■ **WHAT YOU WILL DO**
Where the listing below has a line with "猛龙与凯尔特人对决分析及大小分预测详解", write out exactly that line and every line after it, stopping after the line with "Mercury Turtle - Long".

■ **THE DATA**
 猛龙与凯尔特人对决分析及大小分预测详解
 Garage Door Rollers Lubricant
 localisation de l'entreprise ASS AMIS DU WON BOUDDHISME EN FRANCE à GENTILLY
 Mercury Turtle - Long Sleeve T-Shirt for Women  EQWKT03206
---
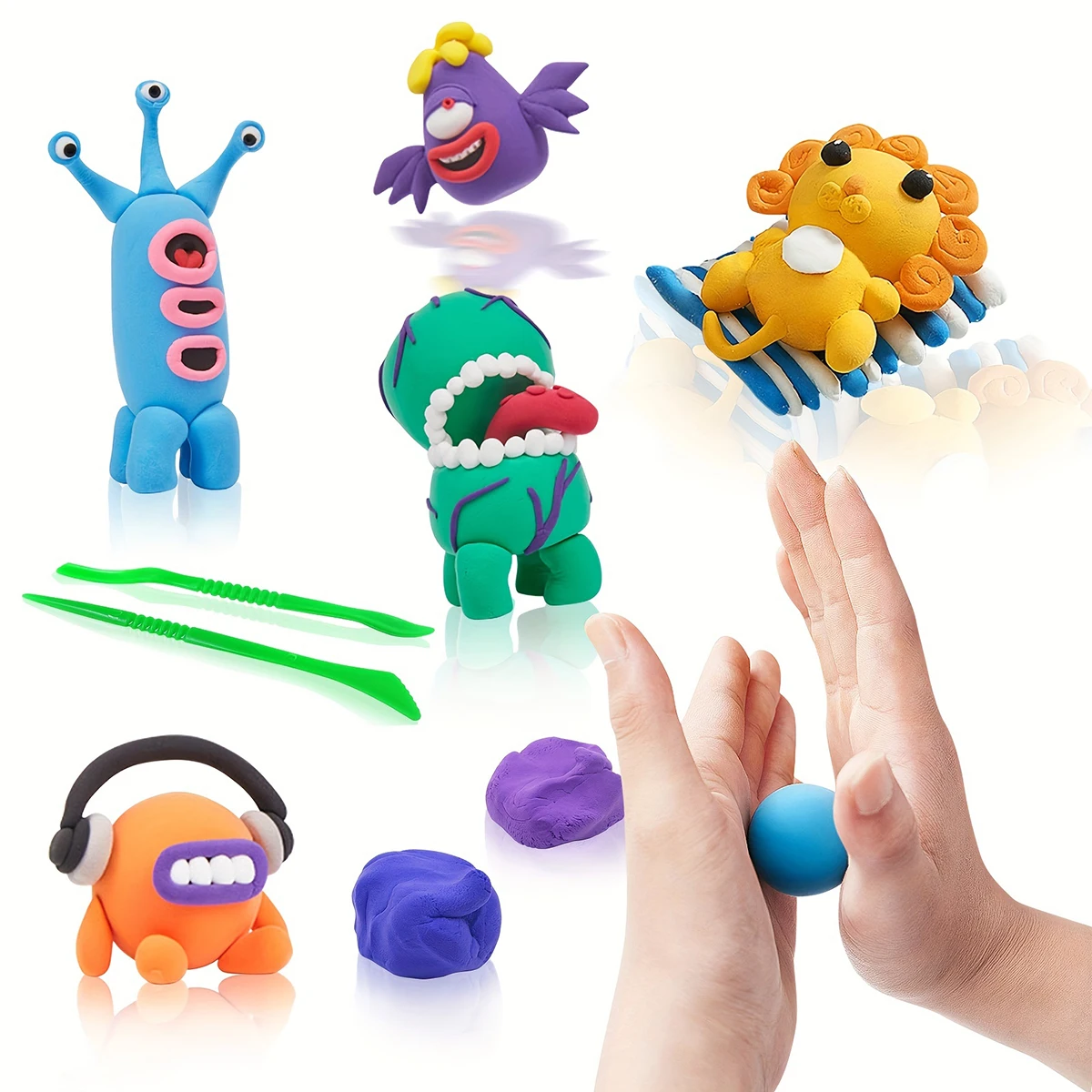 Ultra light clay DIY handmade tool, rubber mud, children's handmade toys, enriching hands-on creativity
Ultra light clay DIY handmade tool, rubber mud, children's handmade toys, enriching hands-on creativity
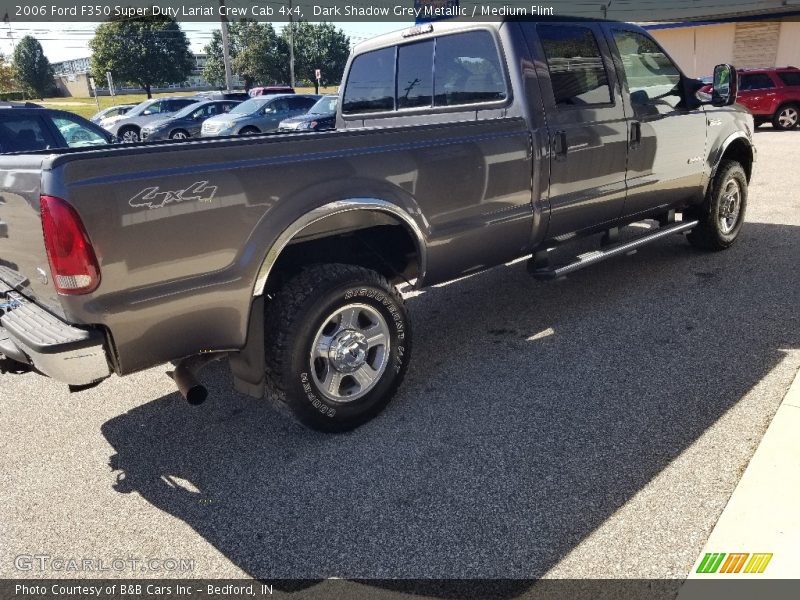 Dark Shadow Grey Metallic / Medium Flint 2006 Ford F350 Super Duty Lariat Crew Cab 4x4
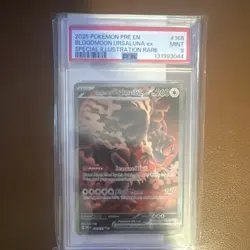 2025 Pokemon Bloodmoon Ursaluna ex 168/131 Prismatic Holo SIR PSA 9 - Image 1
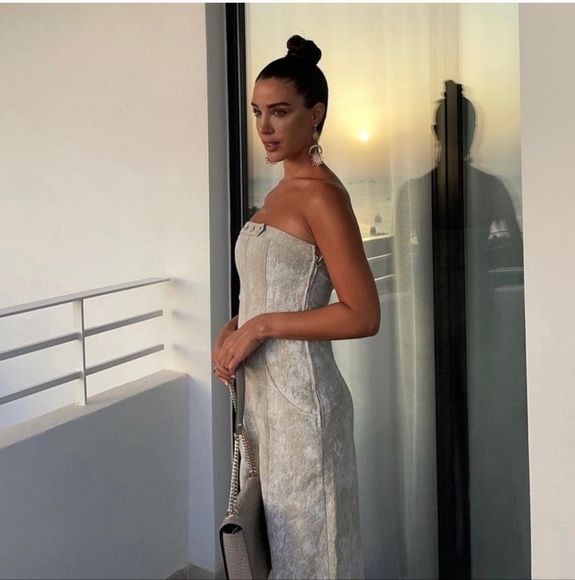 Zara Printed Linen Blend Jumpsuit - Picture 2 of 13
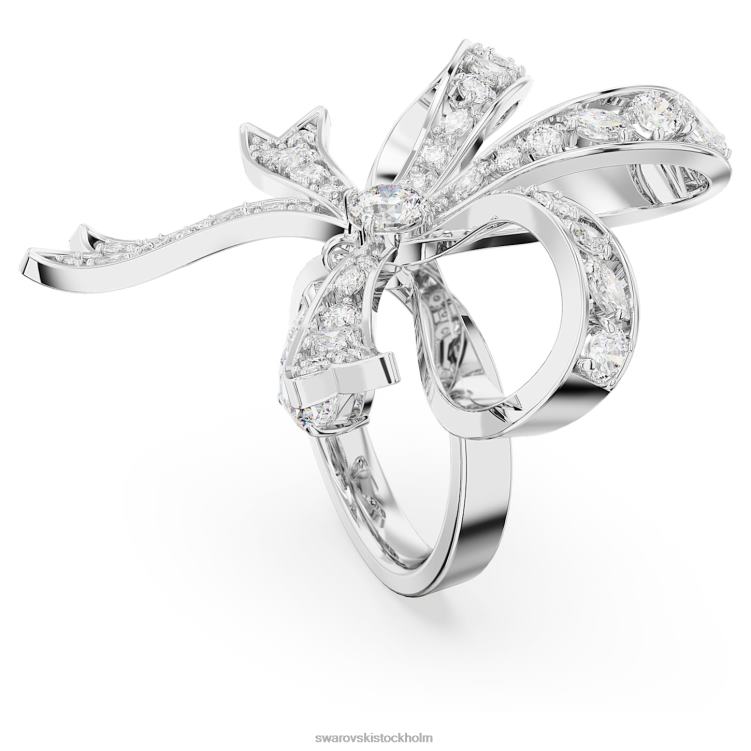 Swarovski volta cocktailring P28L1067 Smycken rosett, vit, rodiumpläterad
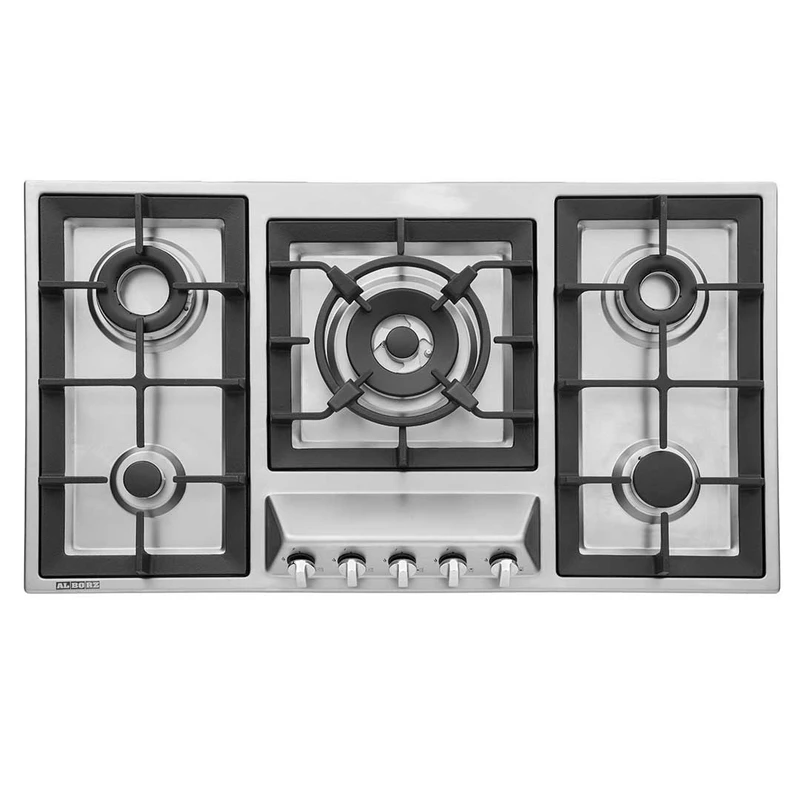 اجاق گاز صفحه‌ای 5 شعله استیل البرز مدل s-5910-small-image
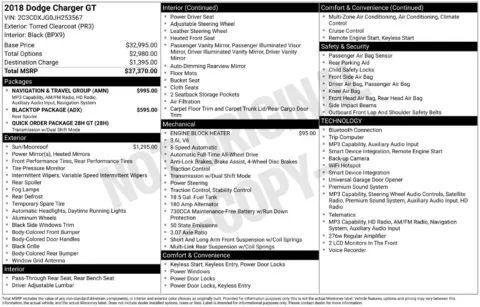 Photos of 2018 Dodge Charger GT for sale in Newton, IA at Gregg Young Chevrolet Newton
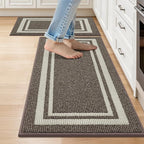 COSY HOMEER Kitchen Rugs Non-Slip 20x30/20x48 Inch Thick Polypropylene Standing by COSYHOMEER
==
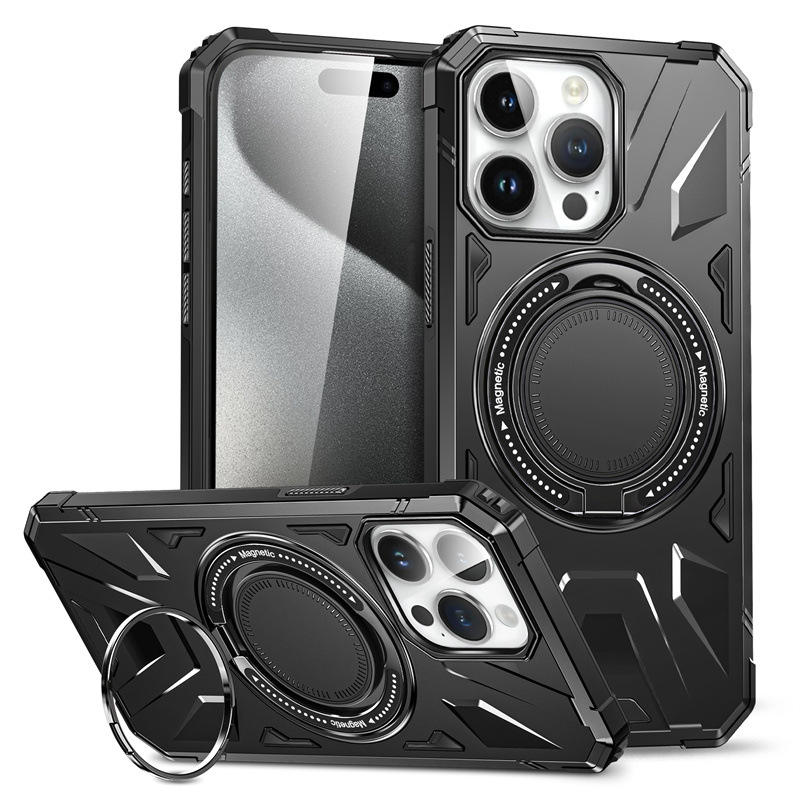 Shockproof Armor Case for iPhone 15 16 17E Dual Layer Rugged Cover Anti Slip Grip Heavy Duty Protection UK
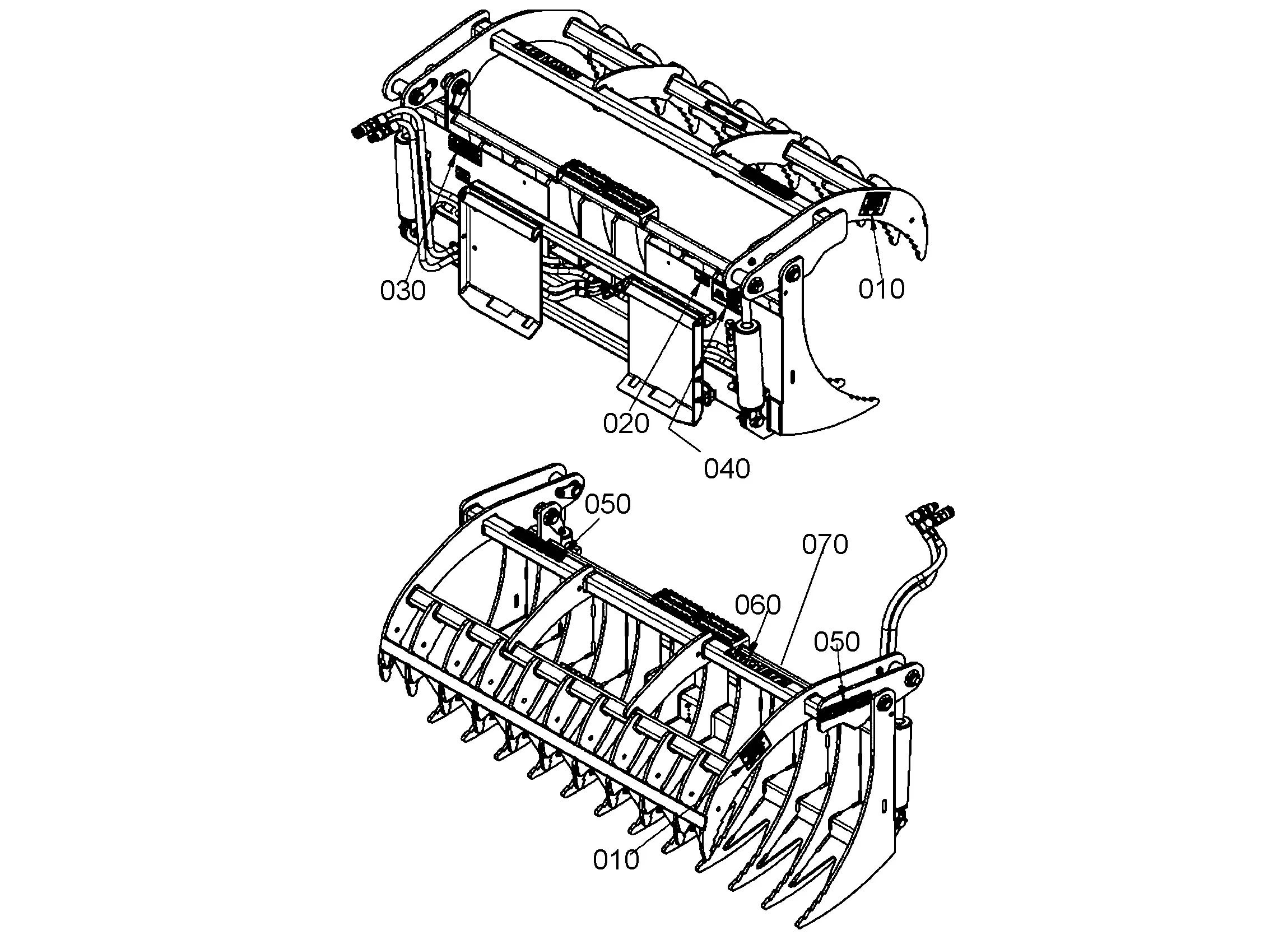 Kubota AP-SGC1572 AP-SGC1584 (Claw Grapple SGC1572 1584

■ **TASK RESULT**
 猛龙与凯尔特人对决分析及大小分预测详解
 Garage Door Rollers Lubricant
 localisation de l'entreprise ASS AMIS DU WON BOUDDHISME EN FRANCE à GENTILLY
 Mercury Turtle - Long Sleeve T-Shirt for Women  EQWKT03206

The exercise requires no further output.